Urbanising India: A Closer Look
by -India will be one of the last major countries in the world to experience the urbanisation of its population. In 2010, 31 percent of India’s people lived in its cities. By 2030, this is expected to rise to 40 percent. This means that an additional 220 million people move to cities across the country.
Which cities will these people go to? Is it possible to create jobs for these people? Will they have a good quality of life?
An enormous challenge
Approximately 100 million people will go to or be born in the top 10 cities; and the next 100 million people will go to or be born in next 80 cities with populations of over one million . A McKinsey study quotes “If India optimises the productivity of its cities and maximizes their GDP, the economy could add more than 170 million urban workers to its labour force by 2025.”
Urbanisation will bring wealth and also challenge equity. The number of urban households with true discretionary spending power are estimated to increase sevenfold, to 89 million households, in 2025. Will this additional wealth mean a better quality of life? This wealth will surely increase the competition for constrained resources such as public finance, water, road space, and others.
The newly elected BJP government is committed to addressing these urban challenges. It announced the 100 Smart Cities programme when it came to power thereby setting the stage for one of the biggest urban renewal programmes. Just recently, a top government panel has approved Rs. 2.73 Lakh Crores (US$ 2,730 billion) to develop 100 smart cities and upgrade basic civic infrastructure in another 500 cities over the next ten years .
Cities and urbanisation clearly have the potential to be an environmentally sustainable way to work and live.
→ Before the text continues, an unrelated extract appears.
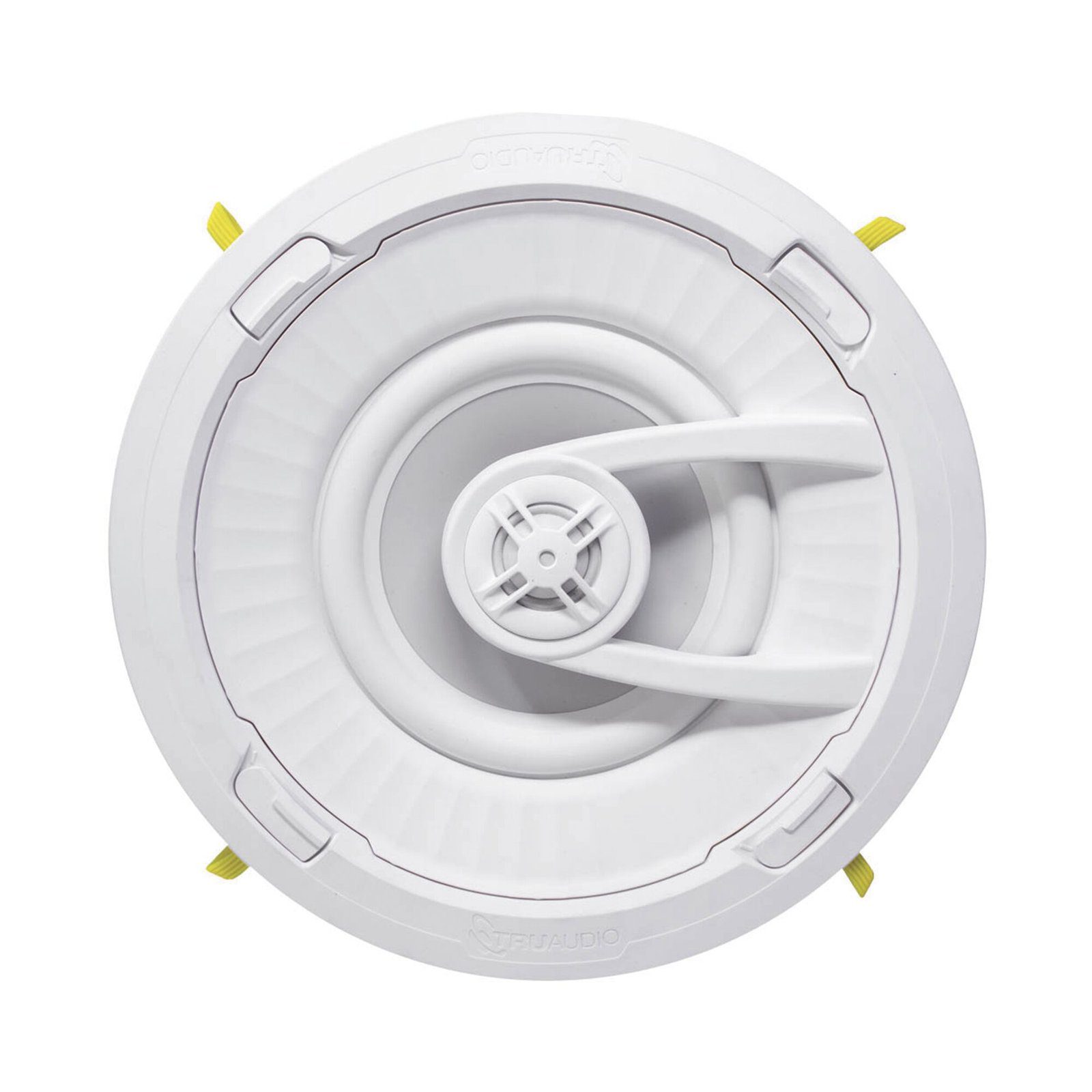 Altavoz de 7 ” | montaje de Techo | Diseño TruGrip | Instalacion Sin Herramientas | Woofer de Polipropileno Blanco con Quick Connect G72 - TRUAUDIO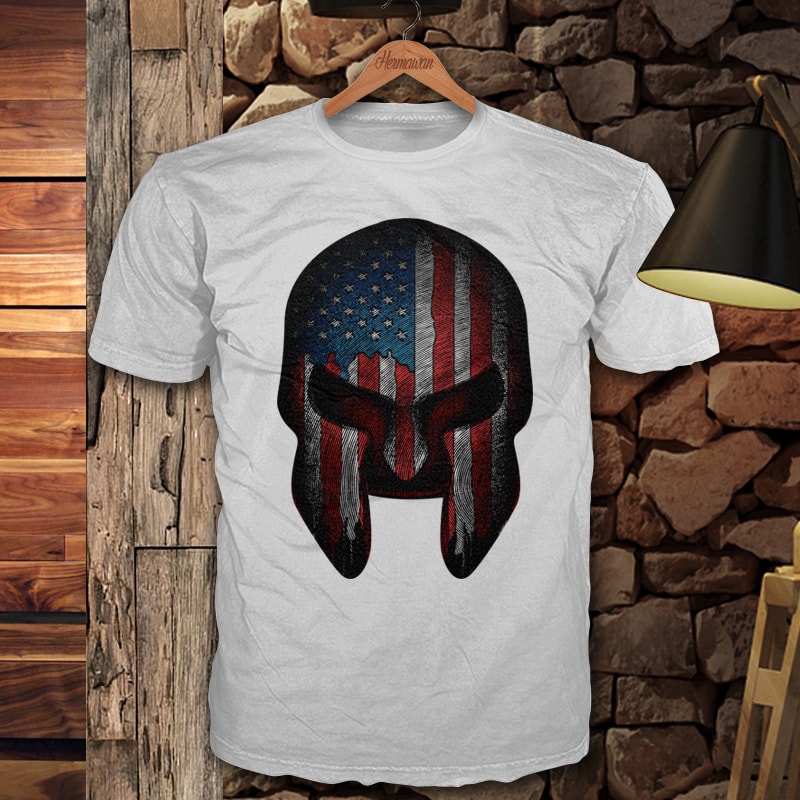 american strength buy tshirt design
Life in compact settlements requires less transport, less energy for cooling and heating, and directly occupies (and therefore, alters) less terrain than more spatially dispersed settlements.
What are Smart Cities?
There is no single, correct definition of Smart Cities. The idea behind creating them is to enhance human economic and social well-being, and to reduce costs and resource consumption. Collectively, the city has to work for all its citizens. A city has to be a place where its citizens can live, work, and thrive.
The discourse on Smart Cities includes a wide variety of topics, including governance, technology, citizen participation, transport, energy, health and pollution, water, and waste.
Land
Today India’s top 10 cities occupy 0.1% of the total land area, and its top 100 cities occupy 0.26% of the land. This land area will need to expand as more people come to live in cities, and it will be important to ensure expansion has certain efficiency. Land management will be a critical element of the smart cities programme.
Mobility
Indian cities in the last two decades have made large investments in building wider roads, flyover and elevated roads. This has only led to an increase in cars and associated negative results like air pollution and road traffic fatalities.
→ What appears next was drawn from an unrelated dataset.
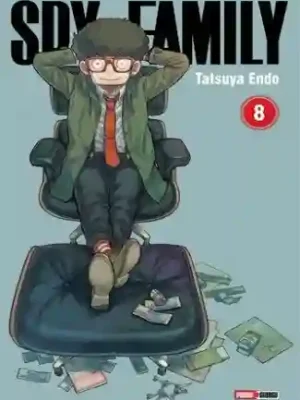 SPY X FAMILY N.08 (PANINI MX)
Global evidence shows new trends are emerging that are transforming the mobility paradigm from “moving cars” to “moving people”. Emerging global trends include bus rapid transit, unified cashless transactions across modes, taxi aggregators, bicycle sharing, car-license auction policies and others. Cities need to understand how to adopt the new paradigm, implement new trends, and ensure all initiatives are complimentary and not competing.
Finance (and measurement)
Governments, businesses, and investment funds are all beginning to understand the cost implications of climate change impacts such water scarcity, extreme weather events, temperature rise and want to invest in sustainable infrastructure.
Measuring environmental and social impact is critical to ensure that additional capital (in most cases) costs ensure reduction in environmental and social impact. Measurement methodologies will be key for cities to raise capital from private sector, launching fiscal instruments like bonds or accessing funds from the green climate fund.
Public Spaces
Public spaces are where everybody in the city can meet as equals. Cities need safe, clean public spaces. Streets are the largest public space in city and fostering vibrant streets can prioritize human interaction and create great public places where people can rest, relax and play.
Streets where one can walk or bicycle freely created sustainable and healthy lifestyles for everyone regardless of age, gender, ability, ethnicity or economic background. The Raahgiri Day open streets movement is a great start in this direction.
Technology for Disruptive Change
Efficiency through technology is clearly useful. And many truly transformative services can be “disruptive”, and create entirely new value propositions that may turn our ideas of ownership, participation, measures and experience on their head. So why not go back to starting with a problem that is pressing and needs new technologies and disruptive ideas for solutions?
A Smart City may not have single definition but it will require a willingness to sacrifice old ways and single-minded pursuits. Decisions will need to be built on strategic and evidence-based foundations, transforming cites to become places we would all like to come home to.